--- START ---

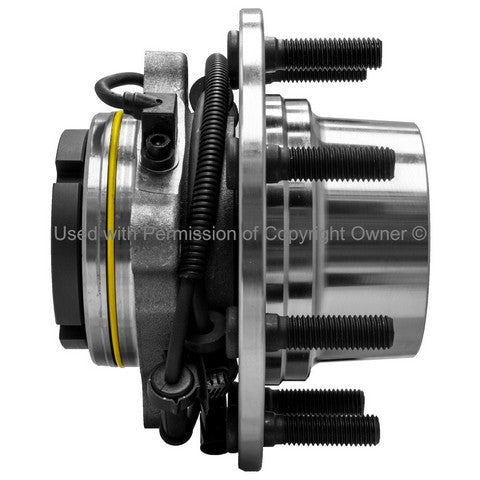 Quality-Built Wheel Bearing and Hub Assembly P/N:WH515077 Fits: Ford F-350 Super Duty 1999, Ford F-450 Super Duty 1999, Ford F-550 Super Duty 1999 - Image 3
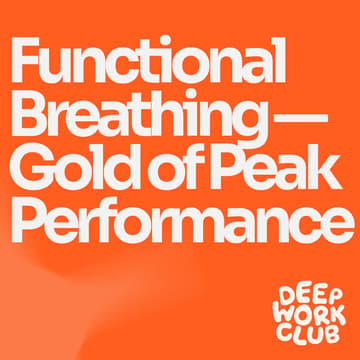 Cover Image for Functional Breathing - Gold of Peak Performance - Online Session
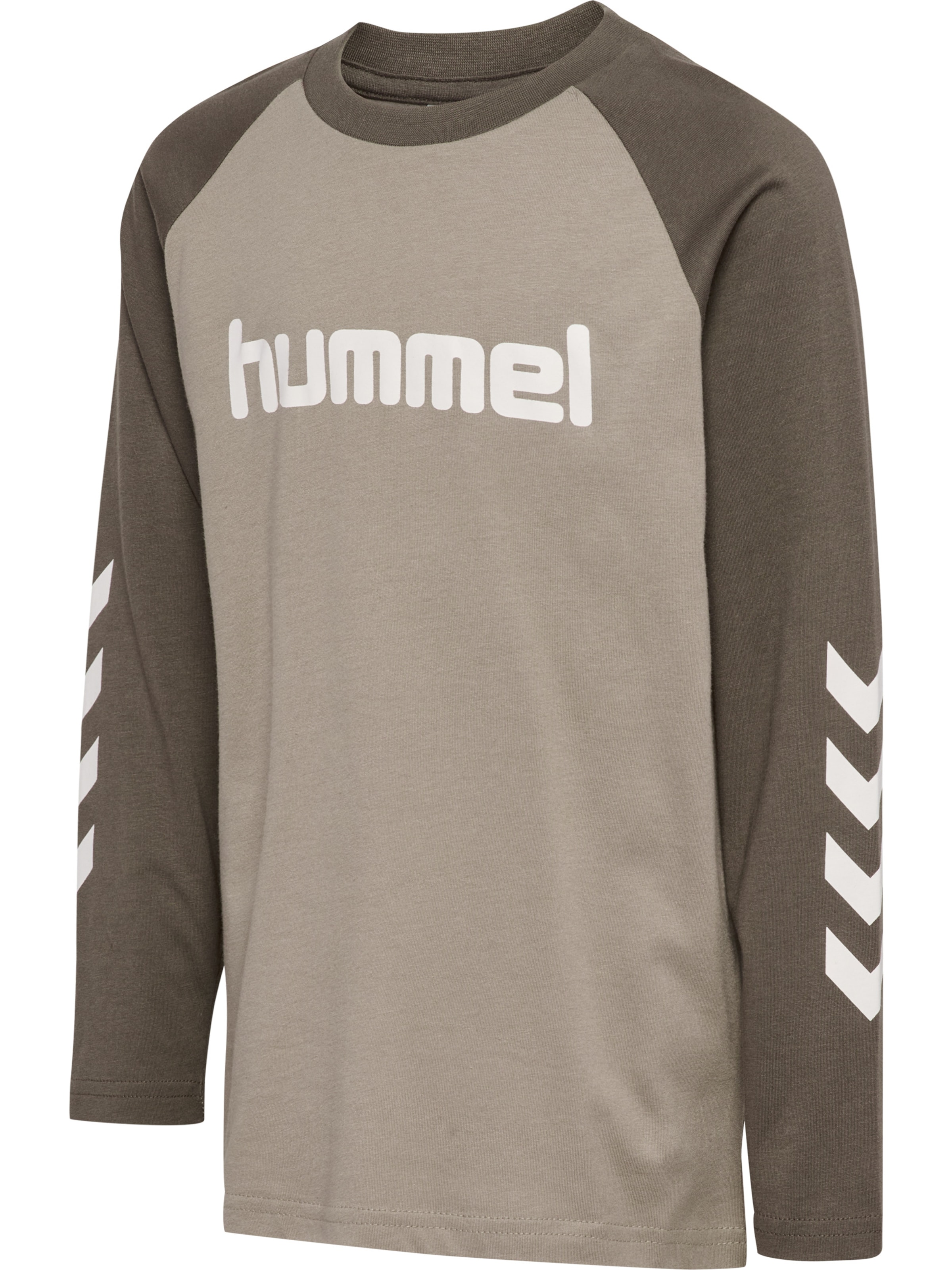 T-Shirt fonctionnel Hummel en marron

--- END ---
--- START ---

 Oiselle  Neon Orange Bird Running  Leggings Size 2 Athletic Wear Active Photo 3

--- END ---

Directions -> Reproduce the data above exactly, but only the lines from the one showing "Quality-Built Wheel Bearing" through the one showing "T-Shirt fonctionnel Hummel en marron", with both ends kept and the pictures left out.

Solution below ->
 Quality-Built Wheel Bearing and Hub Assembly P/N:WH515077 Fits: Ford F-350 Super Duty 1999, Ford F-450 Super Duty 1999, Ford F-550 Super Duty 1999 - Image 3
 Cover Image for Functional Breathing - Gold of Peak Performance - Online Session
 T-Shirt fonctionnel Hummel en marron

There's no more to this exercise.